We can tell our kids to turn out the lights, turn off the appliances, not waste electricity, etc., but they can’t always tell if it is making a difference or not in electricity use. So turn it into a challenge. Can they lower the amount of electricity the household is using? Why not start an electricity use investigation on Earth Day and see what kind of difference the whole family can make?
The first step is to learn to read the meter at your house. Get a pad and pencil and take the kids out to the meter. Look at the dials on the meter and determine the current reading. There are usually four dials – one each for the thousands, hundreds, tens, and ones digit. Write the four digit number down, along with the date.
Next, you need a baseline to start with. How much electricity are you currently using. Have them read the meter every day at the same time and write it down. Do this for a week. Start a spreadsheet with the data from each day. The amount used in kilowatts will be the current day’s reading minus the previous day’s reading. I suggest you calculate a weekly average, since your usage might fluctuate from day to day.

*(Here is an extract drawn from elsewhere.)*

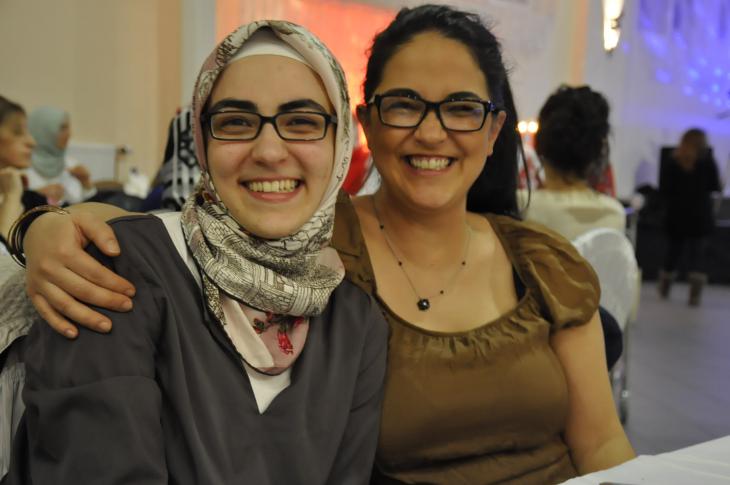 Elifcansu Guler (left) with her sister Banu (photo: Canan Topcu)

Now that you have one week’s average, start really trying to save. Make it a challenge for you kids. Can they get the weekly average down? Try turning off things like the lights, radio, TV, etc. when not in use. See if they can make a difference. Continue this for a couple of weeks.
Now, what if they really try to get it down for a week. Don’t use the dishwasher, the clothes dryer, hair dryer etc. It is possible! Believe it or not, we haven’t used a clothes dryer for about two years. We do line dry all of our laundry. It might not work for you, but you could try it for a week.
Try to continue into the summer. Keep looking at the weekly averages. When you see changes, try to think of what might have caused them. What happens to the readings when the weather warms up and you turn on the air conditioning?
After a few months, stop recording the meter readings, but encourage your children to keep thinking about what they learned. This study will really help your kids how the choices they make impacts the household’s use of electricity.